Latsamee attends Action Education’s mobile library activities which are extracurricular activities run by a community volunteer using games, digital tablets, picture books and more in schools to give students a hands-on learning experience. For 11-year-old Latsamee she’s had opportunities to read books and develop a passion and habt for reading. “I like reading because it is the only way to improve my vocabulary and to expand my imagination,” she says.
Since January 2022, these volunteers are now teaching science in Lao PDR which aligns with the country’s STEM (Science, technology, Engineering, and Mathematics) education development which is being integrated in the school curriculum in order to improve Lao’s education system.
While science may be now part of the new curriculum, what is taught in practice is limited due to a lack of materials and human resources.

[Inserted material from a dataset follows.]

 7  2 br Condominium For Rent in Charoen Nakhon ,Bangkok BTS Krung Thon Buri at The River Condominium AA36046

In 2018, a World Bank study found only 2.4% of Grade 4 teachers were proficient in their grade’s levels of maths and Lao skills, meaning almost all would fail to score over 80% on an exam given to their students.

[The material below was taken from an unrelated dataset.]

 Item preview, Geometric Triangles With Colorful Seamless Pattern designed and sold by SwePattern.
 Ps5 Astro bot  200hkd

In addition to teachers’ low proficiency levels, many parents in rural areas, such as Latsamee’s, also have little to no literacy skills. According to Mr. Alounsavath Thongphanith, Program Manager of Action Education Laos, continuous training for mobile library volunteers is ongoing to ensure extracurricular activities are delivered to a high standard.

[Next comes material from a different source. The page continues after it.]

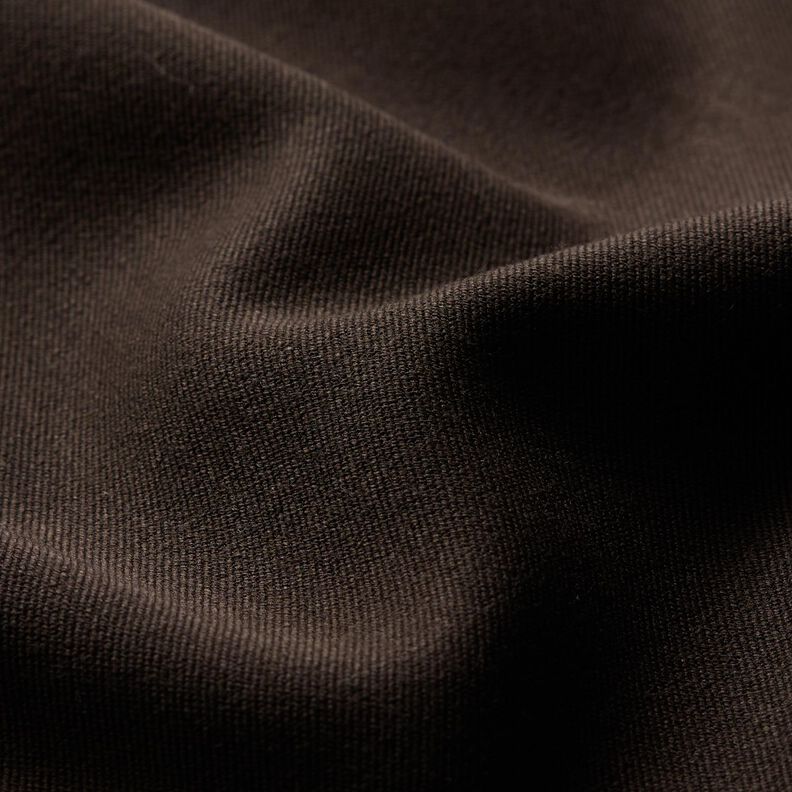 Bi-Stretch Gabardine – schwarzbraun,  image number 2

“Training is given in order to ensure volunteers can use different methodologies to effectively facilitate the activities in the ways that children are joyful, confident and participate in a safe manner, explains Alounsavath.
“Many of Action Education’s new mobile library volunteers are teaching graduates, ready to learn play-based pedagogies that they weren’t taught in their training colleges. “Through this program, the teachers we work with become more innovative and creative in helping their students to acquire new ways of thinking and learning,” explains Alounsavath.
Teaching science in Lao PDR
Since January 2022, scientific sessions have been introduced into mobile library activities, offering students experimental and hands-on practice to understand better the information contained in their textbooks. The extracurricular activities are relevant to the local context and safe for the children and include experiments such as mixing colours, an oxygen and burning process, the distinction of three types of water, heat absorption, and the role of trees in our daily lives, and much more.
“When I practised the oxygen and burning process with my friends, we were so excited and a bit nervous as it was the first experiment in our life,” says Latsamee. “But then, we felt surprised when it was done properly because the practices and results made us understand clearly and quickly what the teachers had explained. It’s so fun and interesting”
At home, Latsame likes to share stories with her mum about what’s she learning. Her favourite experiment is the mixing colour activity because she can easily make her favourite colour pink by mixing red and white together.
Focus on the future
Alounsavath hopes that Action Education’s activities will allow the children to progress further in school. “We are sure that the students will gain more interest in new technologies and sciences and will eventually advance from these preliminary principles to a higher level in the future”, he says.
For Latsame, remains her passion. “Reading is still my favourite activity as it helps me to realize my dream to become a good literature teacher in the future.”